**WHAT YOU HAVE TO DO**
Copy nothing from the entries below except the lines from the one containing "Interior Scene With" through the one containing "Konssy 2 Pack", and copy those exactly.

**RECORD EXCERPTS**
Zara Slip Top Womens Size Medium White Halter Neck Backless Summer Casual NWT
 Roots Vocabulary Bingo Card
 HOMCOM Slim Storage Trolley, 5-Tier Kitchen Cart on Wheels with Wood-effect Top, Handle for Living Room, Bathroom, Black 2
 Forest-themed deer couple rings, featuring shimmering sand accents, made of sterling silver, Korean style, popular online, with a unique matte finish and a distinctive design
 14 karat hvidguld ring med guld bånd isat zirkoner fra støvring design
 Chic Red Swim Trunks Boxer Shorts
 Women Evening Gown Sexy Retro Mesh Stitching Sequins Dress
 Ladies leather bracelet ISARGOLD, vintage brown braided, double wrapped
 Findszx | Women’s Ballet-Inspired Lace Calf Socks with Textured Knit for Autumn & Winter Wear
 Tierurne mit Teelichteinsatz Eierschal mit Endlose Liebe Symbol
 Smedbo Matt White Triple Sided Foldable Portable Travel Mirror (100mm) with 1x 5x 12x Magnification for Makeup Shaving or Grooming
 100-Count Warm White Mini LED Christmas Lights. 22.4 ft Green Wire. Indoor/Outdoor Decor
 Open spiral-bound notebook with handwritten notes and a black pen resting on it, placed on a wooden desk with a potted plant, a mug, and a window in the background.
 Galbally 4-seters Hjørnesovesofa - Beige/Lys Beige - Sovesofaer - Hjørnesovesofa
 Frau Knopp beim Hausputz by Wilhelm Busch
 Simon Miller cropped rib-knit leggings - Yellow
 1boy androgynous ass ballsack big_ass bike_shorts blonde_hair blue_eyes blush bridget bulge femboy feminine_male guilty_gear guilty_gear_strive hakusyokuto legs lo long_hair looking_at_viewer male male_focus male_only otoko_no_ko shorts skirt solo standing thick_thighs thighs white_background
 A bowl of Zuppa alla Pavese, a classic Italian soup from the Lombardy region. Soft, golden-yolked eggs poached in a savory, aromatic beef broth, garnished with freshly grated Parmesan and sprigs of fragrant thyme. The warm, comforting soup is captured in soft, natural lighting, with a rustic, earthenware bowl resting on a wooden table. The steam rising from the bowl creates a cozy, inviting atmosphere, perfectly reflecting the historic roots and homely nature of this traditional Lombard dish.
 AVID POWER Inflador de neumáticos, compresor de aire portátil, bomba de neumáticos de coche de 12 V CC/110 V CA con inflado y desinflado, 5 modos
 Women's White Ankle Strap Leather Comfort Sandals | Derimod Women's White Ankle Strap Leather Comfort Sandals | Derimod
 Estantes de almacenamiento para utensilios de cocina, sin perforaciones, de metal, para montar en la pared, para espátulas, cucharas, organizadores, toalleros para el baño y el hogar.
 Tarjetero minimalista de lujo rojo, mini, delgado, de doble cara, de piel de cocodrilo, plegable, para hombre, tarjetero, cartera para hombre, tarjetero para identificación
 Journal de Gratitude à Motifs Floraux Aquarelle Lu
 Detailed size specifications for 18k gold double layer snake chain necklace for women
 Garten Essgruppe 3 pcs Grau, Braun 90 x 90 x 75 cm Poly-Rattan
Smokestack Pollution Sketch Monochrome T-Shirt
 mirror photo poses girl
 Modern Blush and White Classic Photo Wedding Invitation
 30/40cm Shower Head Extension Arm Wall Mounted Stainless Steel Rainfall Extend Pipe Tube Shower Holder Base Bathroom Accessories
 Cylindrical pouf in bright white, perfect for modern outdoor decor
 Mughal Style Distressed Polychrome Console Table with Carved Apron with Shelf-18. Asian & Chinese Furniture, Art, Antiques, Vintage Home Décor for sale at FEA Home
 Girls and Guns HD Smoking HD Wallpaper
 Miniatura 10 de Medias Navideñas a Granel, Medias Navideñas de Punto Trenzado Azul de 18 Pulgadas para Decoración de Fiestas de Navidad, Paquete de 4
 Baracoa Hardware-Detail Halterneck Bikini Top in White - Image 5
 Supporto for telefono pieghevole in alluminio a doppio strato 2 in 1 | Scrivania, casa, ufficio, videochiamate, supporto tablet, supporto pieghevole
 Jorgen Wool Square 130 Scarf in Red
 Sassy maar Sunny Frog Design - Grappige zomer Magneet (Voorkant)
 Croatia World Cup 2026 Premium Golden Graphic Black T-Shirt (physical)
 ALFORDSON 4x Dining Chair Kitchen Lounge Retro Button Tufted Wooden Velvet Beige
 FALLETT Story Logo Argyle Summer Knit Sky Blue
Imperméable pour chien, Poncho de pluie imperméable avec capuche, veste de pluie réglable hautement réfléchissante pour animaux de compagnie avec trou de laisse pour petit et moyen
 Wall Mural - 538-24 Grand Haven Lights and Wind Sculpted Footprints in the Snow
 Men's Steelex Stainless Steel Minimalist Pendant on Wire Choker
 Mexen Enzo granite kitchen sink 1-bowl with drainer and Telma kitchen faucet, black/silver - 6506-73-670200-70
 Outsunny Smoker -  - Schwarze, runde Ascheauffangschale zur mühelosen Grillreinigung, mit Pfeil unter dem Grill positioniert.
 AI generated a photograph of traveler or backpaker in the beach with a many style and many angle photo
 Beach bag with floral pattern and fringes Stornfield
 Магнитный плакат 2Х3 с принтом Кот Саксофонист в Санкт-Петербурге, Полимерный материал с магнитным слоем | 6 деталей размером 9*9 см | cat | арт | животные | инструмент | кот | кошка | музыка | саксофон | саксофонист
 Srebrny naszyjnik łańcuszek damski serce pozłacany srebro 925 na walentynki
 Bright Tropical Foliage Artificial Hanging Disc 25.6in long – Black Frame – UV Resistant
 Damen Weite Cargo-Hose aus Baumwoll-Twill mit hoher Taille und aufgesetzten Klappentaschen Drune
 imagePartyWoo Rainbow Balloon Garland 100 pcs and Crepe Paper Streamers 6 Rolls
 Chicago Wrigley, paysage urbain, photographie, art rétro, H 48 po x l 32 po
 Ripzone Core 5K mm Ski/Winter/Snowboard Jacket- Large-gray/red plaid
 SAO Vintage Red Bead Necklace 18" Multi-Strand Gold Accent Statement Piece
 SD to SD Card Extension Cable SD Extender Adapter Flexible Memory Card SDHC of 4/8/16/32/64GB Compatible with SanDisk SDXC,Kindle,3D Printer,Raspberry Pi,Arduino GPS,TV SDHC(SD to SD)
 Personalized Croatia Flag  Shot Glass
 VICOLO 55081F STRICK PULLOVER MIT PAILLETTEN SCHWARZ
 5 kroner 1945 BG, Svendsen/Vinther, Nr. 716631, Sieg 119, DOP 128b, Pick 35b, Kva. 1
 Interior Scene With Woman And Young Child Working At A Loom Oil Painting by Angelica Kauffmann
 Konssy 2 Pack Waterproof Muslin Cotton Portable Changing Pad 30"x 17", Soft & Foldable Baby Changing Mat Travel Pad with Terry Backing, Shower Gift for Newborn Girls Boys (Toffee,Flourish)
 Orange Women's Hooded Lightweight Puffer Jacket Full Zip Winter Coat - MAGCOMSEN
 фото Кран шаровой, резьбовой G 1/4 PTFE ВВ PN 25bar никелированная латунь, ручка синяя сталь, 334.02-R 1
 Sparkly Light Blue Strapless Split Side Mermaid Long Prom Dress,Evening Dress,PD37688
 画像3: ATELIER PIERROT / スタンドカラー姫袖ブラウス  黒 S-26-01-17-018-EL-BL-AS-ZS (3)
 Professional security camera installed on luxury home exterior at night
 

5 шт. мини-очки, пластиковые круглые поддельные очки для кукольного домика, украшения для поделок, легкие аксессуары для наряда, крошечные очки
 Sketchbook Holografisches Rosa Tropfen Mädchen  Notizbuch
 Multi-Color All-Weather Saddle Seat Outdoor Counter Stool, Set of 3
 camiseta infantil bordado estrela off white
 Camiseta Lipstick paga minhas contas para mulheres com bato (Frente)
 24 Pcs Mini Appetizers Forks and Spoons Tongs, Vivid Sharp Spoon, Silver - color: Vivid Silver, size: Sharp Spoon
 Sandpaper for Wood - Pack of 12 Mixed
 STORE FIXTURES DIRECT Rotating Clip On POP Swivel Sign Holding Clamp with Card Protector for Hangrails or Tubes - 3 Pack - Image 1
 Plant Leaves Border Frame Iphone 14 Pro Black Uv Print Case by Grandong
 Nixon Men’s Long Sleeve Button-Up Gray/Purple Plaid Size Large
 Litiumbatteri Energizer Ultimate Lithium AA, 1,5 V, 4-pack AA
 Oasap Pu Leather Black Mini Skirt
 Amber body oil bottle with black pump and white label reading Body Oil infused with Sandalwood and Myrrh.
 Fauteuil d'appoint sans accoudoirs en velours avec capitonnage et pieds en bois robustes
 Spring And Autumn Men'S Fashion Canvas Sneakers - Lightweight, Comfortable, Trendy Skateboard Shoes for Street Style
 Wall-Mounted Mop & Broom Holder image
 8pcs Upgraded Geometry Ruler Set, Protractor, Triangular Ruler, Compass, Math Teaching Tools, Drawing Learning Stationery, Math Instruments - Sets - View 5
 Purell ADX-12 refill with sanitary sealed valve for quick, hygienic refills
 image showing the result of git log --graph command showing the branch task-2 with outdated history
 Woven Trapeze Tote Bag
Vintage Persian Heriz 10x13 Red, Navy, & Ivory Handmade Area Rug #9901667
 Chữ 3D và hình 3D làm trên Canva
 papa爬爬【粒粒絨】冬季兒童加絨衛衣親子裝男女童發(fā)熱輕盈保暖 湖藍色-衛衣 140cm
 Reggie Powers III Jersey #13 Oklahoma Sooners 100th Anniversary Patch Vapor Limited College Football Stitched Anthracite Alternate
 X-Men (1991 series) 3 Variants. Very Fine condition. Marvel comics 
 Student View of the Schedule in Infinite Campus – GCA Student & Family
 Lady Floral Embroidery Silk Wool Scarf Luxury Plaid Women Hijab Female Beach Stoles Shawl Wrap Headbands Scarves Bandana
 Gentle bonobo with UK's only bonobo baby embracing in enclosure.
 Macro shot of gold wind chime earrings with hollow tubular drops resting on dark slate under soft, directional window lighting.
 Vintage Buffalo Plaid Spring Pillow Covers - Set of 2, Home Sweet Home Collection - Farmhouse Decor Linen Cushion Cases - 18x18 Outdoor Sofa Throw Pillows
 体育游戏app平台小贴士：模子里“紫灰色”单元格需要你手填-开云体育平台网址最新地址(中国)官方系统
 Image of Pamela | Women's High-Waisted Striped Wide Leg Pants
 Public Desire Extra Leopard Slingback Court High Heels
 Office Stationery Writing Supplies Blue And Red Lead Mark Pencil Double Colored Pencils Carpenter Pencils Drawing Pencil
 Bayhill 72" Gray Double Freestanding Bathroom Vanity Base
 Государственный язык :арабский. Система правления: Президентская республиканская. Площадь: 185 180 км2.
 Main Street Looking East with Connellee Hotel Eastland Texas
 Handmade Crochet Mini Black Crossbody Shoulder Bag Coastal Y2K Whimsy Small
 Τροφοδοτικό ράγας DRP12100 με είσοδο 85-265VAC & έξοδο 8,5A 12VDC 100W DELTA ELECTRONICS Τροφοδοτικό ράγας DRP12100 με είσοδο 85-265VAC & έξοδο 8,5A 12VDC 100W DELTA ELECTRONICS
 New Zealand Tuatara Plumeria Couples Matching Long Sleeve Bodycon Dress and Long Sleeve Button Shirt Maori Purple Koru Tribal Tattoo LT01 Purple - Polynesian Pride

**RESULT FOR THIS EXERCISE**
 Interior Scene With Woman And Young Child Working At A Loom Oil Painting by Angelica Kauffmann
 Konssy 2 Pack Waterproof Muslin Cotton Portable Changing Pad 30"x 17", Soft & Foldable Baby Changing Mat Travel Pad with Terry Backing, Shower Gift for Newborn Girls Boys (Toffee,Flourish)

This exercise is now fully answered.